Task details: Exact copy, no pictures: every line from the one that contains "Good morning students, I" through the end of the data below, and nothing else.

Given data:
-=-=-=-=-

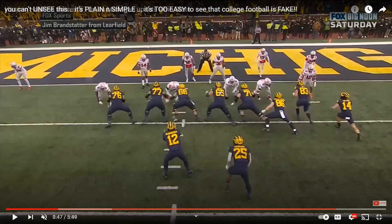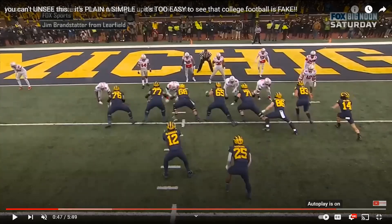Numbers 65 and 71 are going to fire off on this Ohio State Buckeye. Number 71 will take him, and 65 will climb to the next level and get number 30. The other player — I can't make out the number — is where both cursors are. This guy has the A gap over here, and that's where the running back is going to run through.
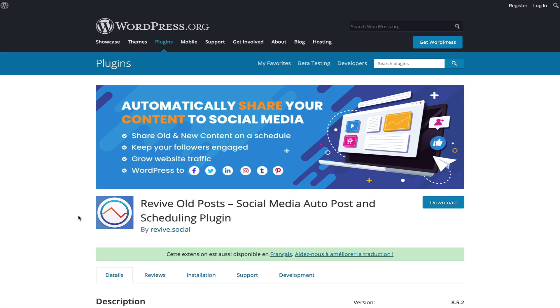In this video I want to introduce you to the Revive Old Posts WordPress plugin which is one of the industry standard plugins for SEO and getting you extra social media traffic. Let me explain how it works.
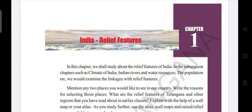Good morning students, I hope you all are well. Today we are going to start the first lesson in social studies. The first lesson in your textbook is India Relief Features. In this chapter we shall study about the relief features of India, and in the subsequent chapters such as Climate of India, Indian Rivers and Water Resources, and Population,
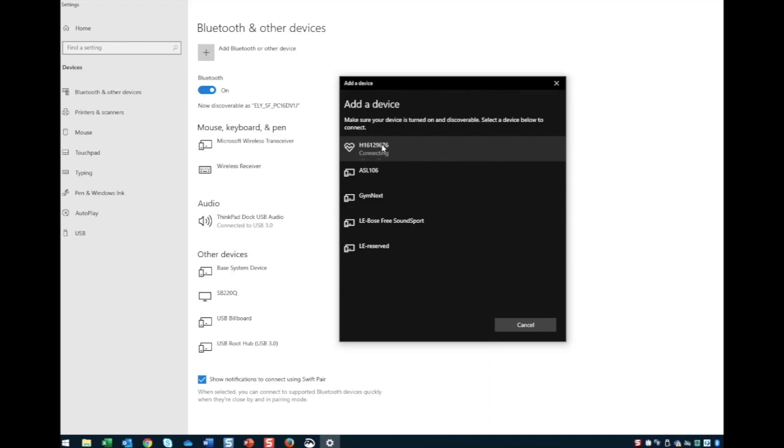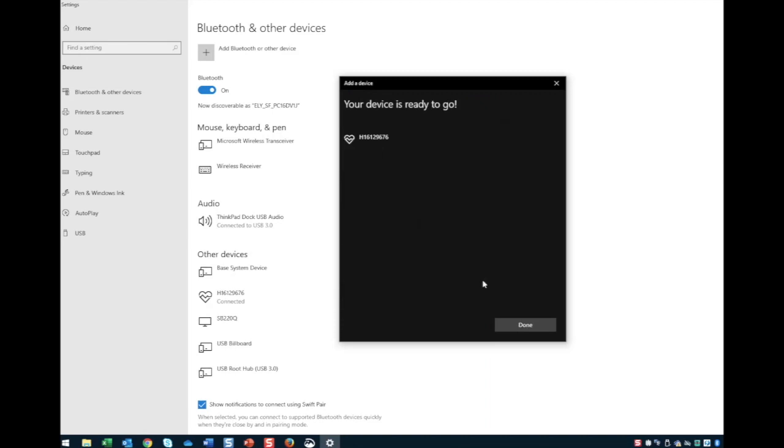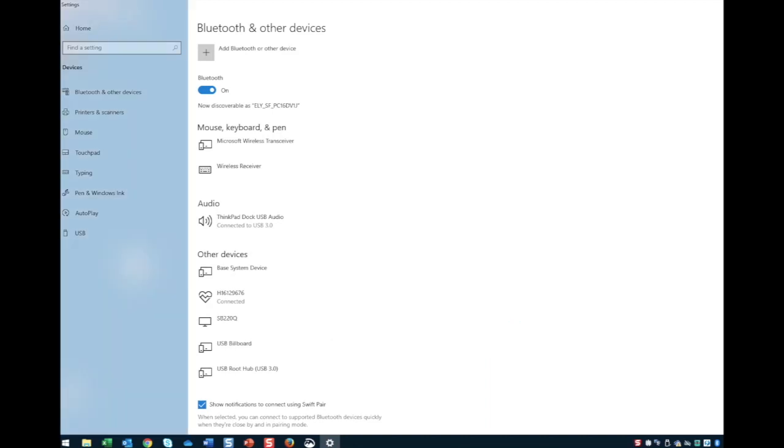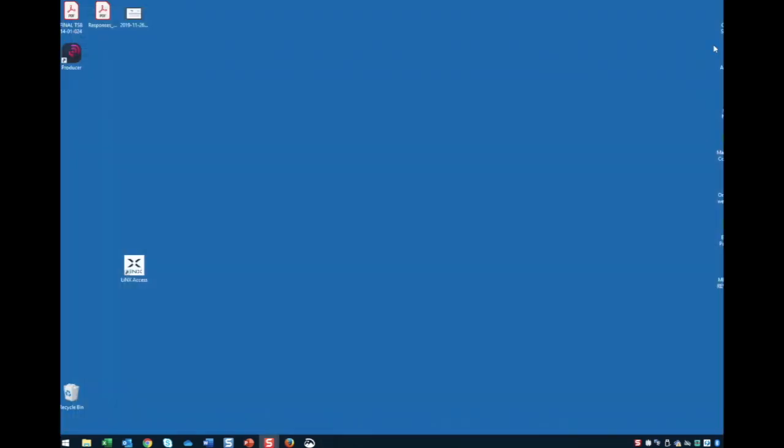After the LAC has paired to your device, we are ready to open up the software. Now, we will click on the Lynx Access software.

-=-=-=-=-

Written solution:
Good morning students, I hope you all are well. Today we are going to start the first lesson in social studies. The first lesson in your textbook is India Relief Features. In this chapter we shall study about the relief features of India, and in the subsequent chapters such as Climate of India, Indian Rivers and Water Resources, and Population,
After the LAC has paired to your device, we are ready to open up the software. Now, we will click on the Lynx Access software.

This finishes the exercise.